Wer dann zum Top-Consultant oder Top-Coach gekürt wird und noch mal 4.200 Euro drauflegt, bekommt das Qualitätssiegel „Top Consultant“ sowie weitere Zusatzleistungen wie Direktmarketing, die Listung im Pocket-Guide „Die besten Berater für den Mittelstand“ und ein Siegerfoto mit Hans Eichel. Der ehemalige Finanzminister ist Mentor des „Wettbewerbs“ und schwärmt in höchsten Tönen von den Compamedia-Projekten. „Dahinter stecken 20 Jahre Expertise und eine ausgeprägte Leidenschaft für den Mittelstand.“ Mit dem Wettbewerb erhalte der Mittelständler „die nötige Orientierungshilfe, denn auf das Urteil von Compamedia vertraut der Mittelstand“, so Eichel.

Ob Herr Eichel weiß, was er da lobpreist?
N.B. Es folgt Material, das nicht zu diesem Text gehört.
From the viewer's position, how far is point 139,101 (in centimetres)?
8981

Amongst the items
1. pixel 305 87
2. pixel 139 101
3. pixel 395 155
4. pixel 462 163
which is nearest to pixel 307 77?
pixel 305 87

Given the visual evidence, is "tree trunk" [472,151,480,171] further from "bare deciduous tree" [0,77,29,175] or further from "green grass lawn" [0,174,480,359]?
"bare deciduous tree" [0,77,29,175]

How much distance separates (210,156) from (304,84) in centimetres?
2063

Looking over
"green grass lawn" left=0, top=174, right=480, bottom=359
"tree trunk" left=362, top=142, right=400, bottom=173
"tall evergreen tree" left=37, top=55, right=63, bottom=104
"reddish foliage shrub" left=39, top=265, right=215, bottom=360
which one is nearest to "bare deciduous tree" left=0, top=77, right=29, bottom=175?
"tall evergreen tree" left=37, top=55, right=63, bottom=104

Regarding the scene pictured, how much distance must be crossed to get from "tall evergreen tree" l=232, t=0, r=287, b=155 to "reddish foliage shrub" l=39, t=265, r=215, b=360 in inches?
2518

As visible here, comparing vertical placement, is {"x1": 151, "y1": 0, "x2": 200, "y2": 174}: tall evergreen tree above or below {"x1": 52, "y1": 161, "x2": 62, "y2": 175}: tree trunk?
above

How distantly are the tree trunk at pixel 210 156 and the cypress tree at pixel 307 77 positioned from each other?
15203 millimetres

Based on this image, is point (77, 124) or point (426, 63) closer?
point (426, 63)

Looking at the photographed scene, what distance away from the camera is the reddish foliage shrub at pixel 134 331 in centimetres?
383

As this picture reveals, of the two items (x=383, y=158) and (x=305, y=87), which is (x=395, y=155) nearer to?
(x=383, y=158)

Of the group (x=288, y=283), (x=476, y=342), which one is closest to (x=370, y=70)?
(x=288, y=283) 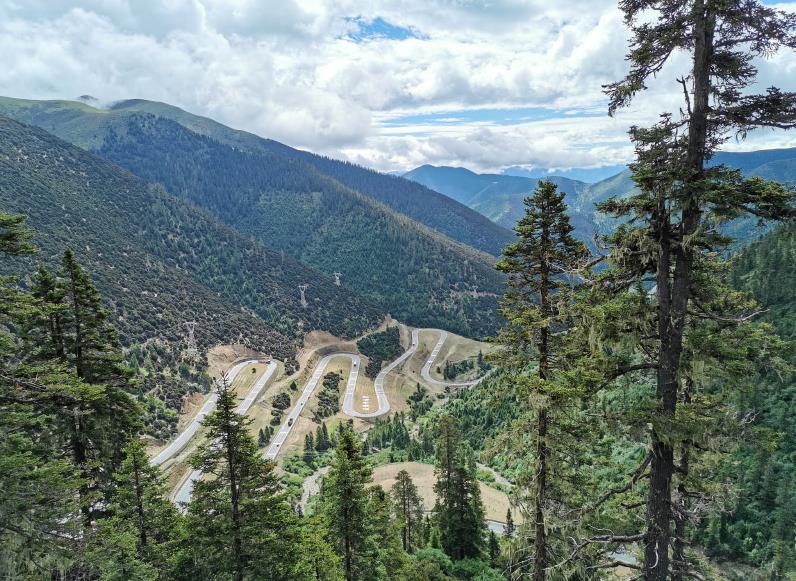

So wurde 2013 Sonja Bos als Top-Coach ausgezeichnet und Compamedia schwärmte: „Die gebürtige Westerwälderin Sonja Bos ist somit eine der besten Coaches in Deutschland für den Mittelstand.“ Doch wer auf ihre Website schaut, reibt sich verwundert die Augen. Grundlage für ihre Potentialanalysen ist die Physiognomik, die Konstitutionstypologie und chinesisches Face-Reading – kurz wissenschaftlicher Humbug in Reinkultur, ausgezeichnet unter der wissenschaftlichen Leitung des Hochschulprofessors Dietmar Fink und promotet vom ehemaligen Finanzminister Hans Eichel. Armer Mittelstand!

Bärbel Schwertfeger

Bärbel Schwertfeger,
Chefredakteurin von Wirtschaftspsychologie aktuell,
spürt Absurditäten, Absonderlichkeiten und Fehltritte in der HR-Welt auf


© Wirtschaftspsychologie aktuell, 2014. Alle Rechte vorbehalten.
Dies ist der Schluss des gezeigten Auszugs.